Review of "Pursuits of Wisdom" Forthcoming

I just completed a book review of John Cooper's Pursuits of Wisdom for Foucault Studies, which should be coming out in the next few months. Here's my first paragraph:

“Philosophy is no doubt a delightful thing,” Callicles says to Socrates in Plato’s Gorgias, “as long as one is exposed to it in moderation at the appropriate time of life.
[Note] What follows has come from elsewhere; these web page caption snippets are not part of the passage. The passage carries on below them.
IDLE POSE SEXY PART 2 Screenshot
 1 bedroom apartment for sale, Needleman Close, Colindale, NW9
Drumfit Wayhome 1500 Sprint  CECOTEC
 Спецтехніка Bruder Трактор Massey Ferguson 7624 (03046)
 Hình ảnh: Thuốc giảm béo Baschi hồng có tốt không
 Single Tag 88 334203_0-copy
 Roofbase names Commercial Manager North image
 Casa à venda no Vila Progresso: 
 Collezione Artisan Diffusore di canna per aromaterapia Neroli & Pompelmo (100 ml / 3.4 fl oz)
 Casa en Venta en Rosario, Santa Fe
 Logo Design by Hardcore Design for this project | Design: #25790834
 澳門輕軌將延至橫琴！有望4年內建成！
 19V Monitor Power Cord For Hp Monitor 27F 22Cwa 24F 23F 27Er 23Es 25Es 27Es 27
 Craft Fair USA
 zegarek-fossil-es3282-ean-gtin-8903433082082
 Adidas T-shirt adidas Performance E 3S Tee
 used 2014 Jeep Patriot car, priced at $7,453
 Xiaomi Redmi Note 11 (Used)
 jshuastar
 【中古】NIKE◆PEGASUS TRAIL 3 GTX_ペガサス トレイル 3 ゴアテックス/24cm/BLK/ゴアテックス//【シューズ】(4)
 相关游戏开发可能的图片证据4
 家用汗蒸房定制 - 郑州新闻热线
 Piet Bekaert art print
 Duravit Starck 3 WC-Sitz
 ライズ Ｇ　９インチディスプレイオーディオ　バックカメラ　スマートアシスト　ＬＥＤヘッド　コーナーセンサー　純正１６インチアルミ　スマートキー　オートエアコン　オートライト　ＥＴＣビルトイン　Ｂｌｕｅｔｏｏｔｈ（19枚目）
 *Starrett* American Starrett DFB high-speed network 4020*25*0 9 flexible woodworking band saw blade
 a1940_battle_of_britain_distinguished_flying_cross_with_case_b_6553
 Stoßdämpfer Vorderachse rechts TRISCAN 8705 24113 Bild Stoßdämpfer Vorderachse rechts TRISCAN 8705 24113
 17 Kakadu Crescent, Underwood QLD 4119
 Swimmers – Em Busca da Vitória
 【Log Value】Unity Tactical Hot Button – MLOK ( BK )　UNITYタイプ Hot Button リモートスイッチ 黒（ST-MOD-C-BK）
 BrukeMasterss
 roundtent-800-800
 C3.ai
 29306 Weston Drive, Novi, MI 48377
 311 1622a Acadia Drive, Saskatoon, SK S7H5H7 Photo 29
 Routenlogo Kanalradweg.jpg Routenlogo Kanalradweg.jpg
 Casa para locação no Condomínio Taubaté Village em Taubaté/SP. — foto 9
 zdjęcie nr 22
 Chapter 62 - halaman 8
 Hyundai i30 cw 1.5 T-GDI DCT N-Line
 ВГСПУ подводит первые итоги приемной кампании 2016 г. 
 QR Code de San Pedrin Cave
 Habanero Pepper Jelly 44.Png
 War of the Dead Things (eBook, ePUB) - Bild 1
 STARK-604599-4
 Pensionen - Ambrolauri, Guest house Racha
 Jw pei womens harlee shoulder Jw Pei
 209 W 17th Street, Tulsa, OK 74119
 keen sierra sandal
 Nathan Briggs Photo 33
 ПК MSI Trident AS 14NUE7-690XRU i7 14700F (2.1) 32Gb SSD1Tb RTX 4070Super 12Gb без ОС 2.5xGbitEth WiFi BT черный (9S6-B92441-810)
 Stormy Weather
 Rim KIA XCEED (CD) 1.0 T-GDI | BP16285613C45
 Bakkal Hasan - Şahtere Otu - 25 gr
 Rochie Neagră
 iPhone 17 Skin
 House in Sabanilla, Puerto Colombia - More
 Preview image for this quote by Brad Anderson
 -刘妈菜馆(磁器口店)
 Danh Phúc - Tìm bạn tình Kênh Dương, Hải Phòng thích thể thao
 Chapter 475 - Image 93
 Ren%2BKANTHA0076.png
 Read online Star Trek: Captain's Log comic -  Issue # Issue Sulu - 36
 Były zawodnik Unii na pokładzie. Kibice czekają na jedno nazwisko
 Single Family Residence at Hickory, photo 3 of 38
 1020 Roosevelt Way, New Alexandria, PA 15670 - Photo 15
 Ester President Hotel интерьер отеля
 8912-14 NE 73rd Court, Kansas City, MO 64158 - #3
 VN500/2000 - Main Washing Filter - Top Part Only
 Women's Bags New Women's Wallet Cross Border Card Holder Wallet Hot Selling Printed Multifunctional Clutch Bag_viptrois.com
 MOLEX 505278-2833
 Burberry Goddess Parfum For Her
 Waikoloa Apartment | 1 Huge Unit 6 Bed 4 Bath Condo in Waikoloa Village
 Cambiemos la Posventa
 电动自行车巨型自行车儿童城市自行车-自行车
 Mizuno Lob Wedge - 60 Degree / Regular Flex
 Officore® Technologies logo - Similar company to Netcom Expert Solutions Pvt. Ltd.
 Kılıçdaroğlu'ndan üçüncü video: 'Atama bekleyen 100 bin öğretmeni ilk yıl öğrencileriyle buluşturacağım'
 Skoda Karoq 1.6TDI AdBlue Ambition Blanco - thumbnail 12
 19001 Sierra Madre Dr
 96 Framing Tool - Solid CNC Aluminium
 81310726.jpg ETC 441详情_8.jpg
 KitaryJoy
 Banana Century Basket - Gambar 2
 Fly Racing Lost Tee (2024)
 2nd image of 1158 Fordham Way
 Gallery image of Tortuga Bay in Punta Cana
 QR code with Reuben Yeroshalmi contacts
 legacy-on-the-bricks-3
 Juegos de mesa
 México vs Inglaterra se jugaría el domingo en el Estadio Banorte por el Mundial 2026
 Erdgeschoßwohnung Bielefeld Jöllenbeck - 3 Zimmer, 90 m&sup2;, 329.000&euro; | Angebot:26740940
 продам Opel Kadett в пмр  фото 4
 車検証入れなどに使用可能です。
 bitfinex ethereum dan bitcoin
But if one spends more time with it than he should, it’s a man’s undoing.” John M. Cooper’s Pursuits of Wisdom sets out, much as Socrates did in reply to Callicles, to show his readers “how wonderfully good and, above all, interesting the philosophies of antiquity are,” and his intricate and lucid reconstructions of the philosophies of Socrates, Aristotle, the Stoics, the Epicureans, the Skeptics, and the Platonists provide a useful account of why philosophy is such a “delightful thing.” Yet while offering perspicuous readings of these philosophers’ arguments, Cooper’s book also misses an opportunity to convince the likes of Callicles today. Reading Pursuits of Wisdom does make one marvel at the variety and intellectual riches of ancient philosophy, but it leaves unexamined what living these philosophies in the ancient world actually consisted of — not to mention how these philosophies might constitute a way of life in the twenty-first century.
I was glad to read the book, although I wished it had done more to explore the practice of these philosophies as well as how they might translate to the present. Since my full review won't appear for a while yet, I'd recommend Brendan Boyle's review (which appeared this summer in The Wall Street Journal).